Tous ces risques rendent difficile la mise en œuvre de politiques économiques autonomes et souveraines. Aussi, la mise en place d’institutions économiques et monétaires fortes et indépendantes sont indispensables surtout si celles-ci ne dévient pas leur objectif de souveraineté. Il va de soi qu’une intégration plus approfondie permettrait de négocier collectivement des règles du jeu plus favorables et offrirait une prévisibilité et un espace-temps d’organisation quinquennal renouvelable des économies du continent.

Les Etats et institutions qui entrent en agglomération de souveraineté constituent une réponse efficace à ces fluctuations unilatérales.

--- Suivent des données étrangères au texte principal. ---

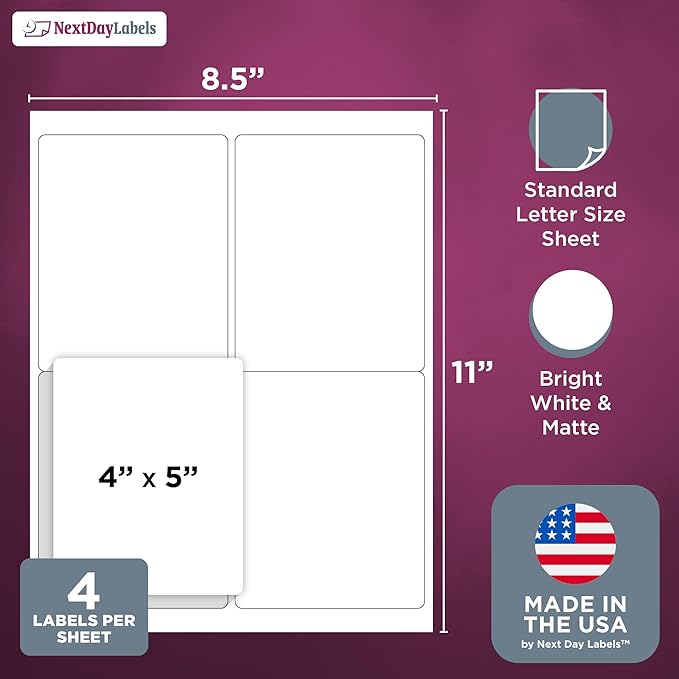 NextDayLabels – 4” x 5” Rectangular Sticker Labels for Printer - White Laser/Inkjet Printer Labels Return Address Labels Shipping Label Stickers (100 Sheets, 4 Per Sheet, 400 Labels)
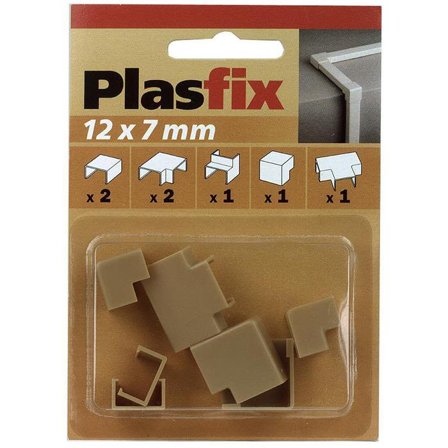 Plasfix 3410-3G Skjøte- og hjørnebiter til Plasfix, 12 x 7 mm Eikefarget, Installasjonsmaterial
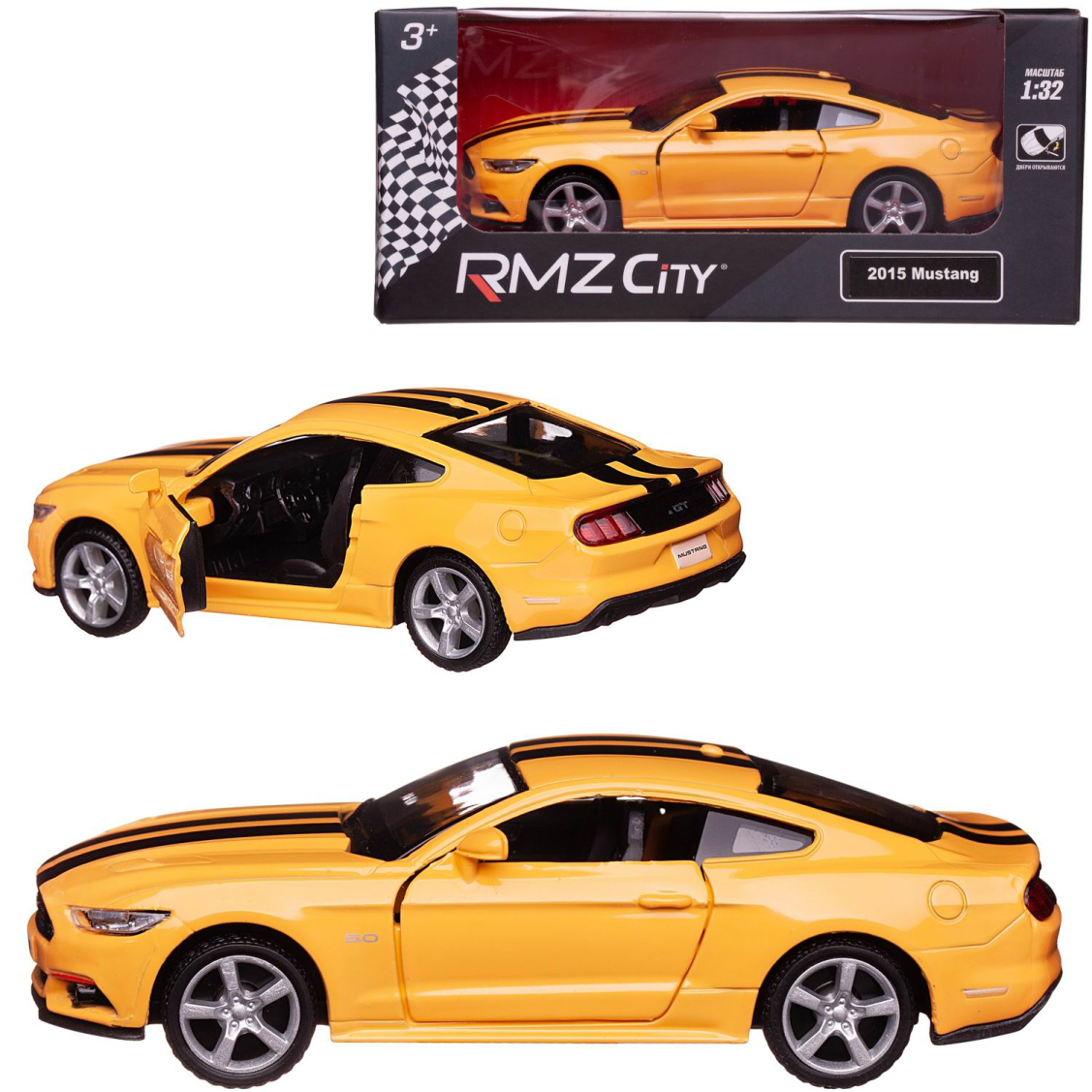 Машина металлическая RMZ City Ford Mustang GT 2015 with Strip масштаб 137 Лицензионная модель Фрикционный механизм 329₽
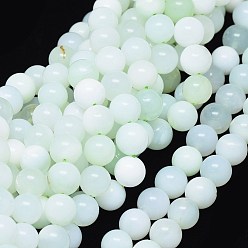 Opale Verte Naturel, vert opale brins de perles, ronde, 10mm, Trou: 1mm, Environ 39 pcs/chapelet, 15.3 pouce (39 cm)
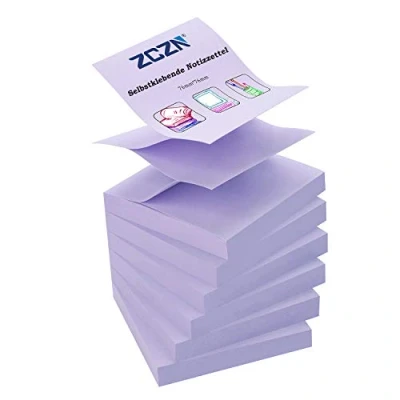 Immagine di ZCZN Z Notes, 6 blocchetti di appunti autoadesivi da 76 x mm, 80 fogli per blocchetto, note autoadesive 480 fogli, viola chiaro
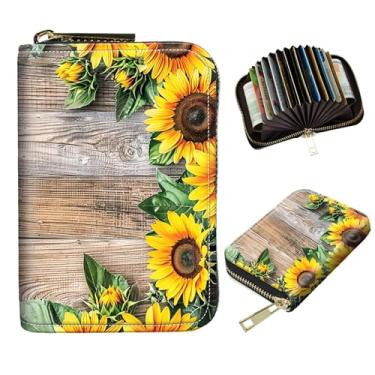 Imagem de DIGTIALL Porta-cartão de crédito para mulheres com zíper pequena carteira de couro PU com bloqueio de RFID, carteira organizadora de cartões, carteiras sanfonadas, presente para mulheres ou homens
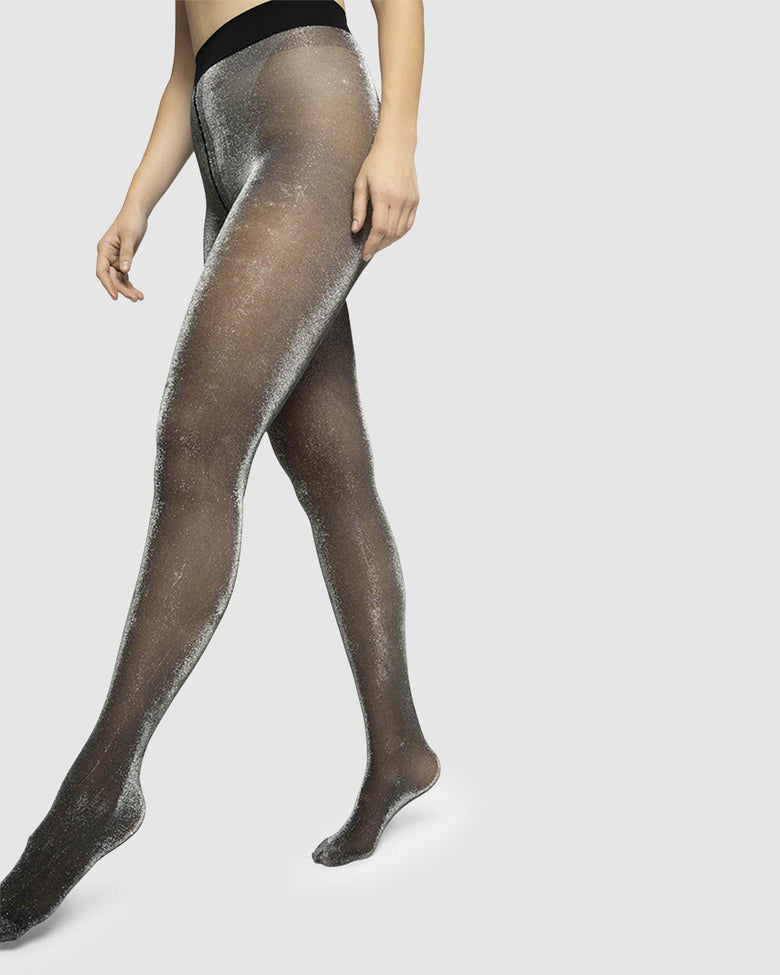 Swedish Stockings Tora Shimmery Black Tights - Elegant & Comfortable for Parties, Work & Everyday Wear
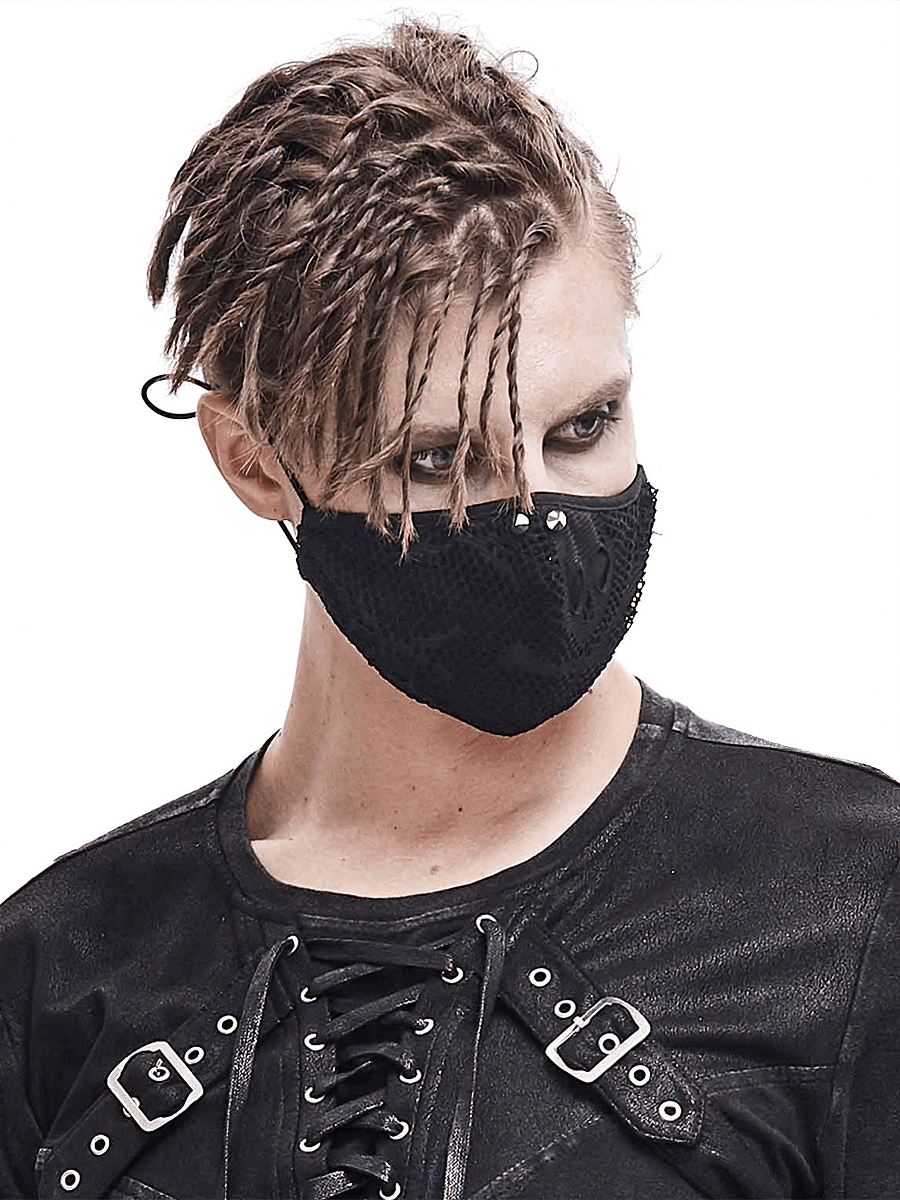 Breathable Skelenton Mesh Masks / Gothic Black Fabric Mask with Adjustable Elastic Cord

Un approfondissement au niveau d’agglomérations sectorielles ou transversales dans un espace géographique accepté d’un commun accord constitue un véritable levier économique et un contrepoids face aux fluctuations imposées par des acteurs extérieurs.

C’est en cela qu’une souveraineté monétaire et économique offre une plus grande marge de manœuvre pour orienter le développement national et intégré au sein de confédérations régionales en fonction des priorités des populations locales.

La souveraineté monétaire et économique des pays africains peut et doit permettre de s’affranchir ou de limiter les fluctuations unilatérales des règles internationales par des Etats à capacité d’influence forte.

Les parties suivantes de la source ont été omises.